最新の臨床医学 6月10日(月)内科Ⅰ(消化器・肝臓)

便秘症の非薬物療法

 

便秘症の薬物療法について解説する予定でしたが、基本となるのは非約物療法であるため、今回は便秘症の非薬物療法について解説します。

 

便秘症に対する治療は、便秘の原因と種類に基づいて行われます。

 

前回の繰り返しになりますが、まず便秘とは、「本来体外に排出すべき糞便を十分量かつ快適に排出できない状態」(慢性便秘症診療ガイドライン2017)と定義されます。

 

ただし、便秘症は単なる便秘とは区別して慢性的な便秘として扱われることが多いです。

 

慢性便秘症には、常習性便秘、弛緩性便秘、直腸性便秘(排便困難)、痙攣性便秘があります。

 

常習性便秘には、まず食事時間や内容の改善、運動療法(水氣道®などの有酸素運動)、排便習慣を是正することで排便リズムの回復が図られます。

 

弛緩性便秘には、食物繊維の多い食品(玄米などの精製されていない穀物や野菜、海藻、きのこ、豆類など)を摂取し、適度な運動(水氣道®などの有酸素運動)を勧めます。

 

 

直腸性便秘(排便困難)では、朝食後の排便習慣を励行し、腹式呼吸や毎日30分以上の歩行運動が効果的です。

とくに決まった曜日に決まった時間で周期的に実施する水氣道®は、意識せずとも腹式呼吸が身につく水中歩行であるため直腸性便秘解消に必要な要素を兼備しています。

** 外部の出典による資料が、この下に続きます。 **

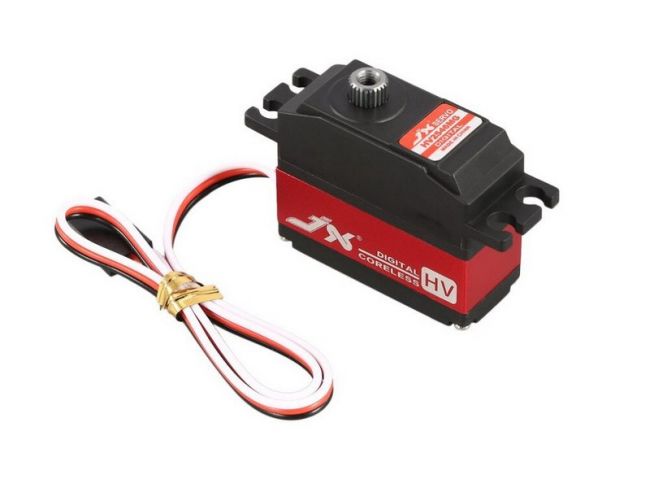 Сервомашинка цифровая JX Servo PDI-HV2546MG (26.32г/6.6/0.10/7.4V) Mini Сервомашинка цифровая JX Servo PDI-HV2546MG (26.32г/6.6/0.10/7.4V) Mini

そして、食事療法としては、食物繊維を1日平均20~25g摂取することが望ましいとされます。腸内のビフィズス菌が重要な役割をもっているため、腸内のビフィズス菌の減少につながる脂肪を過剰に摂取は控えます。これに対して、乳酸菌発酵食品、ビタミンB₁・B₂、オリゴ糖、パントテン酸、ビオチンなどを摂取するとビフィズス菌の増殖を増やすことができます。

 

 

痙攣性便秘では、心理的ストレスが背景となっている場合が多く、規則正しい生活、朝食後の排便、運動などの習慣を身に着けることができるようにアドヴァイスします。そして、超粘膜を直接刺激することは避けるべきなので、カレー、からし、ワサビなど刺激物は制限します。

 

また、痙攣性便秘には過敏性腸症候群のうち便秘型や混合型も含まれますが、これらに関しては、日本消化器病学会のガイドラインで治療フローチャートが示されていますが、心身症としての特徴をもっているため、いずれ日曜日の心療内科のテーマの一つとして取り上げてみたいと思います。